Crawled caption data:

*** Begin section ***

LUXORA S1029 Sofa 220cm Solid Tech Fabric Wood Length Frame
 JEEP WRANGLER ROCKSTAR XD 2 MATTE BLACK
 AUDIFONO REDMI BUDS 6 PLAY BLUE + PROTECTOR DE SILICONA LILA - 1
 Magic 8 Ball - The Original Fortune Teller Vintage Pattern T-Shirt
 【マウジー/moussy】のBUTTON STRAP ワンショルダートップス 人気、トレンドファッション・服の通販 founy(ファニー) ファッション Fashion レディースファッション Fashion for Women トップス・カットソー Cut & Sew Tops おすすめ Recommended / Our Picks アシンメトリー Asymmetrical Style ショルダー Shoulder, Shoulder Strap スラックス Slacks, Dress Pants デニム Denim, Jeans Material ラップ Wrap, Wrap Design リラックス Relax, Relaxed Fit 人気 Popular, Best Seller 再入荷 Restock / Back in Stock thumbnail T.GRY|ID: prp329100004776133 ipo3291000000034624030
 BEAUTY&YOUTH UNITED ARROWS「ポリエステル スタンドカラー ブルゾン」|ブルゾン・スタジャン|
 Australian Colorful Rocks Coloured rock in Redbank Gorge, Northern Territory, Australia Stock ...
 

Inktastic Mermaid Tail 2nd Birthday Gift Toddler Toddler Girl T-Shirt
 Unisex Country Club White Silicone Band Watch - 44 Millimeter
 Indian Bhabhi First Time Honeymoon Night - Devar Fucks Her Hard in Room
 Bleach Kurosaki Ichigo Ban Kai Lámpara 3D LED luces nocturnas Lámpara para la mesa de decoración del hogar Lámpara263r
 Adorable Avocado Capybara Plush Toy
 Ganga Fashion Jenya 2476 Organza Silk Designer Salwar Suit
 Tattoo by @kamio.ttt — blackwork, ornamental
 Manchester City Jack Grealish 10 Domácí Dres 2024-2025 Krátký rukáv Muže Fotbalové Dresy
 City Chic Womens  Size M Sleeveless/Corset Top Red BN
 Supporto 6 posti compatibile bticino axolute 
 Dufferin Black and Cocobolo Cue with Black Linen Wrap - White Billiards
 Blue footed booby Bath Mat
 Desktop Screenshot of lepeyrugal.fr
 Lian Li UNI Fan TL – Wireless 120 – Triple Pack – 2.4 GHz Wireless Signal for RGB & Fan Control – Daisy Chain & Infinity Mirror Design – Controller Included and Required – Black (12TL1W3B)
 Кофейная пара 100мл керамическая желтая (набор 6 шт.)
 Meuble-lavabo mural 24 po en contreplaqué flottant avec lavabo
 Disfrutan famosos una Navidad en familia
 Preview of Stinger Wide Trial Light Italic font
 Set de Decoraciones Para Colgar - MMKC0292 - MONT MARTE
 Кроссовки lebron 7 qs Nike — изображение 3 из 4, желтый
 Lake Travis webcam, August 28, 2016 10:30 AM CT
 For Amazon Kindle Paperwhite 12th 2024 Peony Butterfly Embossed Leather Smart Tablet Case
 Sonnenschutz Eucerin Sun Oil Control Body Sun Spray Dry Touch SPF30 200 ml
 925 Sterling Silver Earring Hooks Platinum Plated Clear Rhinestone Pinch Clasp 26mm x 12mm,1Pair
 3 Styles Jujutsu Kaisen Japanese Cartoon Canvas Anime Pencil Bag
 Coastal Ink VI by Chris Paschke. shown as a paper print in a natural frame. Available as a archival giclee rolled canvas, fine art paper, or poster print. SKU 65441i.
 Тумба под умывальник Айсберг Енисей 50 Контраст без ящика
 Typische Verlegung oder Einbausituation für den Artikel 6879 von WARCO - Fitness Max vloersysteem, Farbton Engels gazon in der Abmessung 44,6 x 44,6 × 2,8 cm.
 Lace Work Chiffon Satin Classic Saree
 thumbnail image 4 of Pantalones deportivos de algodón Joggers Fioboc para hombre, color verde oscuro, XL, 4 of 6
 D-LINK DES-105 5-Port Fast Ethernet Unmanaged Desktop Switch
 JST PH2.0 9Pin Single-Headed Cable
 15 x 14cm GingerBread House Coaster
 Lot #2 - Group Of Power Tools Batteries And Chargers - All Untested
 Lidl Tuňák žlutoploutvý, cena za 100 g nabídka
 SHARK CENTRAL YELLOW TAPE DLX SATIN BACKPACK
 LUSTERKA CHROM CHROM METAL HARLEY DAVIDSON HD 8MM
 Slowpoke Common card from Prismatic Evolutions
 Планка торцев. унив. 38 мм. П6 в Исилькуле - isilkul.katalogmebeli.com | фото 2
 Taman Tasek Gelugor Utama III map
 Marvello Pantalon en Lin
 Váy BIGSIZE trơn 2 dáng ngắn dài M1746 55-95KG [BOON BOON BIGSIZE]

*** End section ***

Look through the entries above and count each line holding "Stock"; report the count alone.

_Solution for this problem_: 2